Suatu hari Putri Rajenah memanggil
beberapa inang pengasuh untuk membicarakan hal ihwal yang saat itu merasuki
dirinya. Beliau menderita suatu penyakit, dimana penyakit yang diderita beliau
semakin hari semakin parah.
Sang raja pun mengutus hulu baling
kerajaan untuk mencari tabib guna mengobati penyakit sang permaisurinya.
Terkumpulah tabib terkenal dari berbagai penjuru, namun tak satupun yang mampu
menyembuhkan sang permaisuri.
Suatu hari ketika bercanda gurau
dengan putranya si Tapang Lanang, dimana kondisi tubuhnya saat itu semakin
lemas.

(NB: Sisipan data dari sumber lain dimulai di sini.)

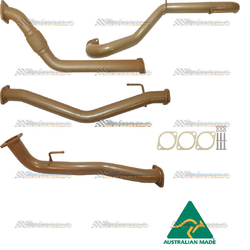 TOYOTA LANDCRUISER 100 SERIES 4.2LT TD 3" KING BROWN STAINLESS EXHAUST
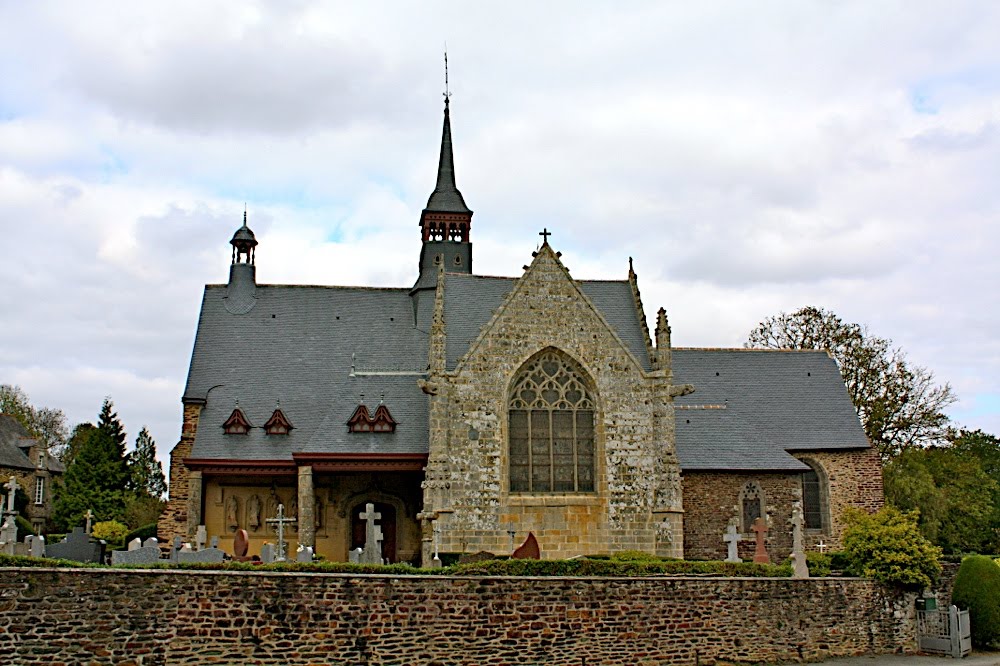 AAA IMG_0834 Église de Saint-Léry, dans le Morbihan. by le rheusois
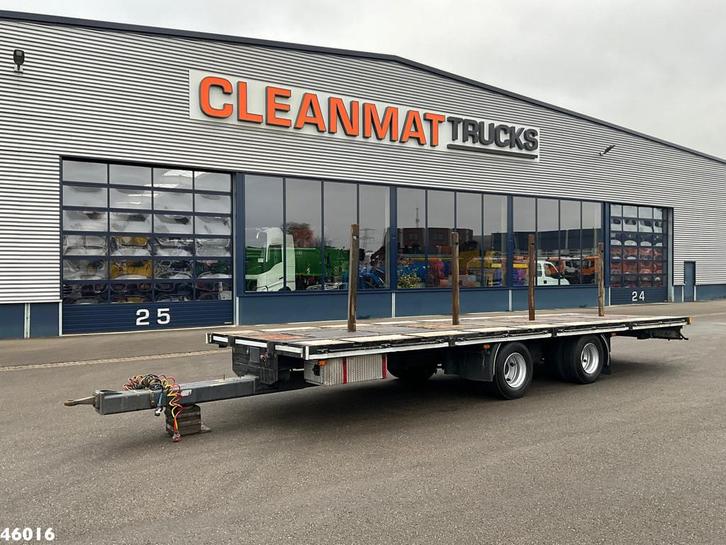 DRACO 2-assige aanhangwagen (bj 2009), Auto's, Vrachtwagens, Te koop, ABS, Aanhangers en Opleggers, Overige brandstoffen, Origineel Nederlands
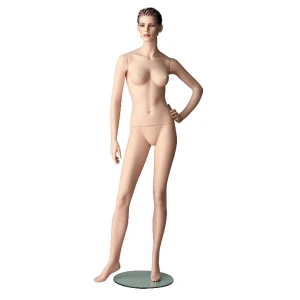 Left Hand on Hip Female Mannequin,(White Matt/Natural with Make up) 71406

Dia memanggil para inang untuk menggotongnya kembali masuk kamar,
melihat kondisi sang putri yang lemas, para inangpun khawatir dengan kesehatan
beliau, lalu disela-sela ketegangan itu sang permaisuri menarik tangan putranya
yang saat itu baru berusia tujuh tahun, sang putri pun sempat melontarkan pesan
baik pada putranya dan para inang.
Sang putripun berkata,
"Anakku..... seandainya ibu harus dipanggil sang Khalik, kamu harus tabah
menghadapi dunia yang serba fana ini, kamu jangan menjadi manusia cengeng, kamu
harus berani menghadapi berbagai tantangan hidup.”
Saat itu sang raja sempat
mendengar apa yang diutarakan permaisurinya. Seakan dia mengetahui bahwa
istrinya sudah diambang pintu kematian, dia tidak sempat berkata apa-apa, hanya
air mata menetes perlahan membasahi pipinya yang tampak kuyu karena lelah dan
selalu sedih melihat kondisi permaisuri yang tak kunjung sembuh.

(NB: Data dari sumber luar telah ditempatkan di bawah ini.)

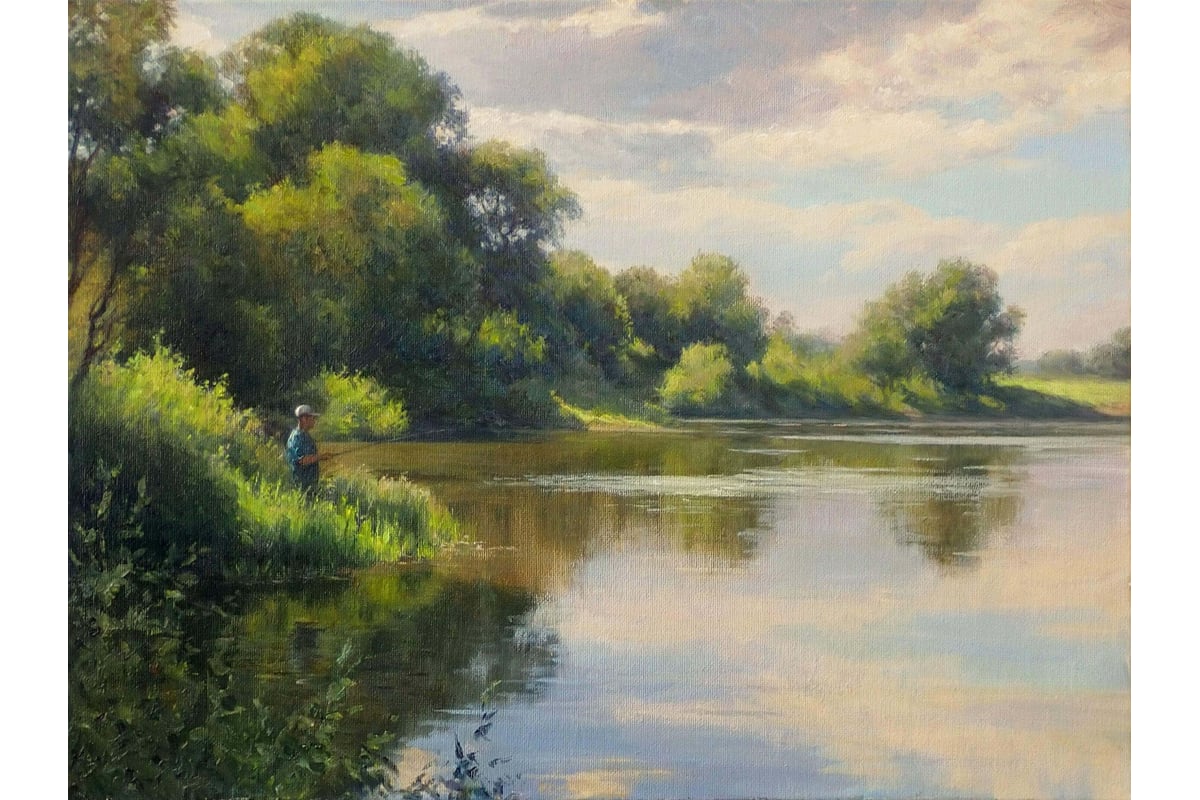 Картина Буревестник Русский пейзаж, Лемехова Игоря Лето на Ине 4070 ...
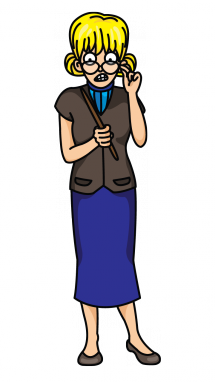 215x382 Drawing Teaching Easy Transparent Png Clipart Free Download - Teacher Cartoon Drawing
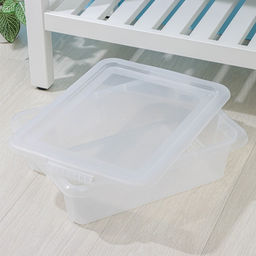 Контейнер для хранения с крышкой Porter, 8 л, 42.7×31.5×11.1 см, прозрачный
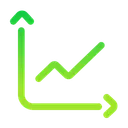 Free Line Graph Graph Statistics Icon
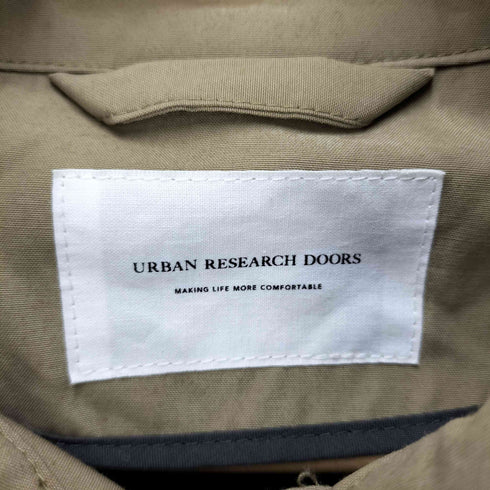アーバンリサーチドアーズ URBAN RESEARCH DOORS 中綿 ライナー 付き ステンカラーコート メンズ 38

Suatu hari dari istana berdatangan
berbunyian telukup atau bunyi pertanda bahwa diistana telah terjadi sesuatu
musibah, ternyata sang permaisuri telah meninggal, semua merasa sedih dan
terharu karena telah kehilangan seorang ibu yang baik, ramah dan pengasih
sesama rakyat.
Menjelang 40 hari meninggalnya sang permaisuri,
Raja Awang menerima undangan dari suatu kerajaan di Pulau Jawa. Karena
diharuskan membawa permaisuri, maka penasehat kerajaan memberi pandangan pada
sang raja agar cepat mempersunting wanita sebagai pengganti permaisuri yang
telah meninggal.
Karena waktu yang mendadak, maka
sang raja harus jalan-jalan keluar istana. Pada saat itulah dia menemukan
seorang wanita yang dianggapnya patut untuk mendampinginya untuk memenuhi
undangan para raja-raja ditanah Jawa tersebut.

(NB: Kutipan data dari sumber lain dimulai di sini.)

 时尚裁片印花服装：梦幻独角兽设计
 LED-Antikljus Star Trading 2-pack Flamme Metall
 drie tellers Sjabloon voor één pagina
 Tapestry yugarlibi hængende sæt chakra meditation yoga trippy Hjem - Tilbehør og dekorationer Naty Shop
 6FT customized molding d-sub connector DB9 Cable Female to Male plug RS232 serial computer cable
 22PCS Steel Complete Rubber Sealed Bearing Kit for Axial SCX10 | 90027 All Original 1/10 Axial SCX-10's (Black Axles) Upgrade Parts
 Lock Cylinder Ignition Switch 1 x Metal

Setelah dia pulang ke istana dia
menceritakan hal ihwalnya tersebut kepada para penasehat. Namun dari tujuh
penasehat kerajaan ada satu yang menolak raja untuk mengawini wanita yang
dimaksud. Karena dia mengetahui tabiat wanita tersebut, disamping dia seorang
janda, dia juga mempunya seorang putra yang sebaya dengan sang pengeran. Dia
khawatir bakal ada persaingan terhadap kedua anak tersebut, namun dia kalah
suara dari 6 penasehat kerajaan lainnya, akhirnya Raja Awang harus menikahi
wanita tersebut.
Hari berganti hari, bulan berganti
bulan, tahunpun dilalui tiada terasa, kehidupan dalam kerajaan nampak tiada
perubahan, kedamaian tetap dirasakan, tanpa terasa usia perkawinan Raja Awang
sudah mencapai 21 tahun.
Suatu hari, Solim putra tiri sang
Raja Awang merasa iri melihat Pangeran Tapah Lanang, saudara tirinya mengenakan
pakaian kebesaranan sebagai pangeran yang suatu saat dia akan menggantikan
kedudukan ayahnya sebagai raja, dan dia pun mulai menyusun strategi untuk
memfitnah sang raja, dia mengatakan kepada sang raja bahwa sang pangeran telah
berbuat mesum dengan perempuan anak petani diluar istana, padahal sang pangeran
tidak pernah keluar istana semenjak ibundanya meninggal.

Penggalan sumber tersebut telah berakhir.